First stop: Liddell Road, West Hampstead, a pioneering mixed-use masterplan and a trailblazer for the Borough’s entrepreneurial Community Investment Programme. Ten years ago, the site was home to a scattering of single-storey light-industrial units occupying a site wholly owned by the council. Whilst the value of workspace was recognised, at the time the borough was in critical need of more school places and the council was seeking sites which could be developed for this purpose. The brief for the masterplan (won by ML through open tender) was to retain or enhance the area of workspace on the site whilst delivering a new four-form-entry infant school, all of which was to be funded by development of homes for sale on the same site. The first phase of the scheme was the delivery of the RIBA-National-Award-winning Kingsgate School, which has now been in operation for six years.
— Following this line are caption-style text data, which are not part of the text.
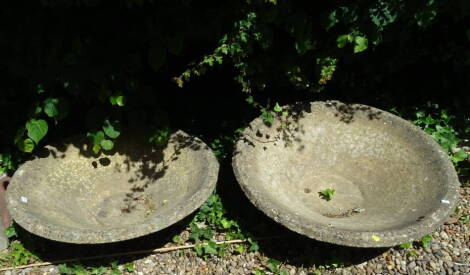 An armada style garden planter trough of circular form, 88cm diameter and another similar (2).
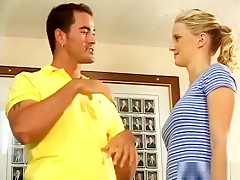 Hannah Harper can't wait to get get pussy stretched on the stairs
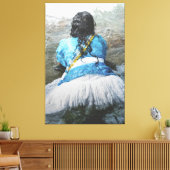 Devotee Kneeling in Sacred Waters for Iemanjá Cele キャンバスプリント (インサイチュ (リビング))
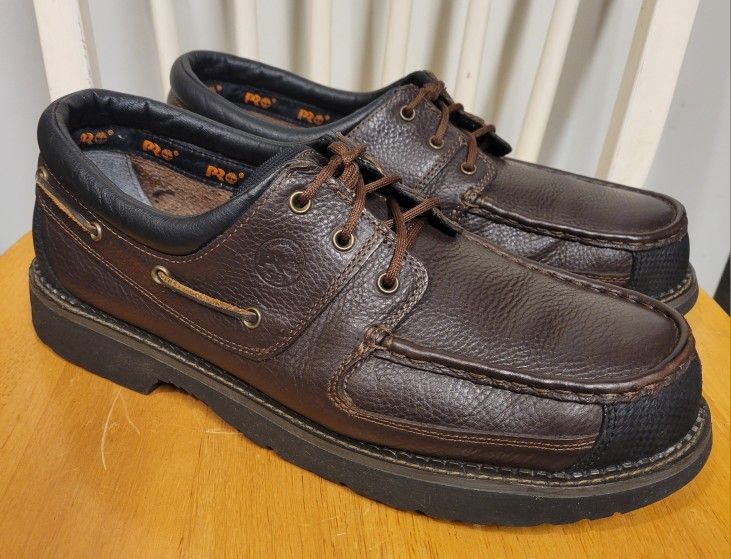 Timberland Men's Brown Leather Steel Toe Work Shoes Sz 13 W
The workspace and residential elements that complete the scheme are in their final stages of construction and the key moves of the masterplan are finally coming to fruition. We are accustomed to briefs which squeeze a lot out of sites, but what is striking about Liddell Road is how discreetly it sits in the established neighbourhood, thanks mainly to the careful thought invested in the overarching masterplan. Retained trees, minimal roadways, sensitive massing and connectivity to a neighbouring park come together to create a place which feels complete and offers much more than the sum of its parts. It was a particular pleasure to hear from teaching staff of the joy that the school has brought to pupils and staff alike.
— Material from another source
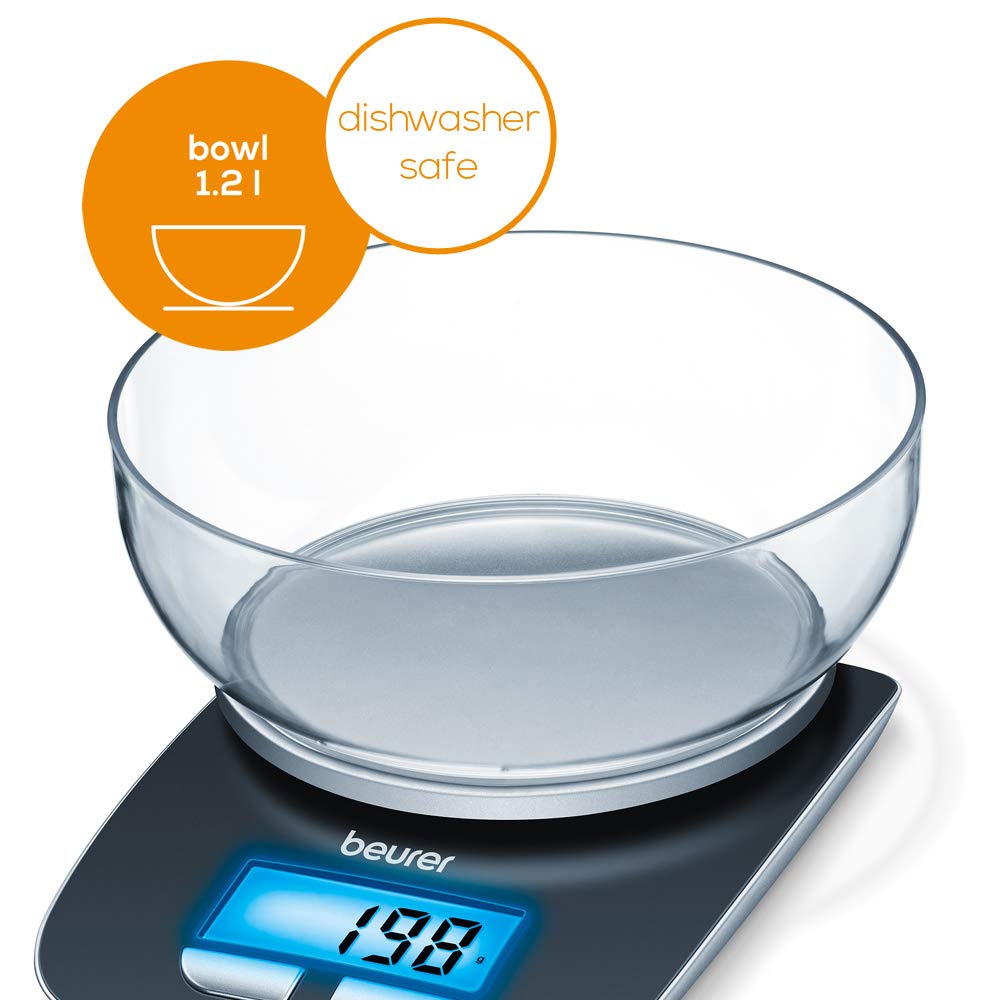 Beurer KS25 Digital Kitchen Scale | with 1.2l Weighing Bowl | Tare Weighing Function | Adjustable Between kg, g, lb, oz | 3kg Weight Capacity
Next stop: St John’s Wood Park. St John’s Wood is an atypical enclave of central London; Its wide streets and suburban qualities lacking the Georgian and Victorian rigour of much of the city or the ambition and scale of twentieth century social housing schemes. Here palatial homes of two storeys sit side-by-side with late twentieth century point blocks, 1980s townhouses and art deco mansion blocks. The theme of the area is perhaps the difference of the buildings, tied only by a sprinkling of classicism. In response, our scheme for 1A St John’s Wood Park – replacing a row of single storey garages – implements a scale and substance that befits the wide leafy avenues. Appearing as a remnant of a grand terrace that may have been, 1A presents two blank gables to the north and south, which have been treated with a deceptively simple brick pattern that brings an illusion of depth and texture to an otherwise flat elevation and was key in securing buy-in from the planners.
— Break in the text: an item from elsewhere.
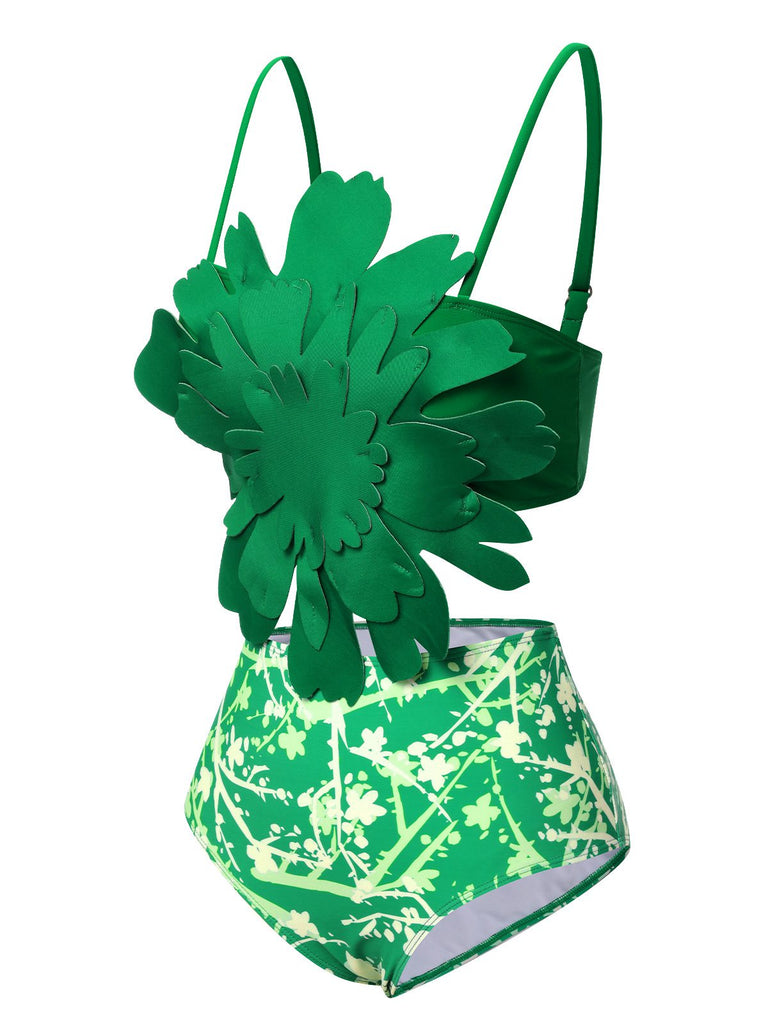 Grün 1960er 3D-Blumen Gurt Badeanzug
Final stop: A private house in Belsize Park and one of the practice’s earliest UK projects. What appears to be a complete new build house was in fact our first retrofit scheme, retaining all the original structure of a building now approaching 50 years in age. The driver at the time for this light-touch approach was its setting over a covered railway; avoiding structural changes below ground also avoided a drawn out and potentially expensive to-and-fro with Network Rail. Twenty years later, with our lenses recalibrated to embodied carbon, it is interesting to consider how many tonnes of carbon were saved by that decision. The house has aged remarkably well, the street elevation received a new skin of unifying brickwork, bespoke timber windows and distinctive stainless steel coping; the simplicity of the palette and quality of materials successfully belies the scheme’s true age. Internally, the house was reconfigured to offer a generous open plan ground floor and simple stacked first and second floor plans in a masterclass of space planning. A walled courtyard garden to the front of the house has been planted to form an urban oasis with green walls sucking up the heat of the first sunny day of the year and welcome respite after our four-hour tour of Camden.
The day provided a great chance to explore a broad range of typologies and scales: schools, workspace, apartment buildings and individual homes. All share a dedication to craft and deep consideration of how they serve their users and the contribution they make to the neighbourhoods in which they sit. To see these buildings alive with life (and still used by the original clients) is a welcome validation of the thought and effort that has gone into their design and construction. We look forward to the next journey through the archives in the summer.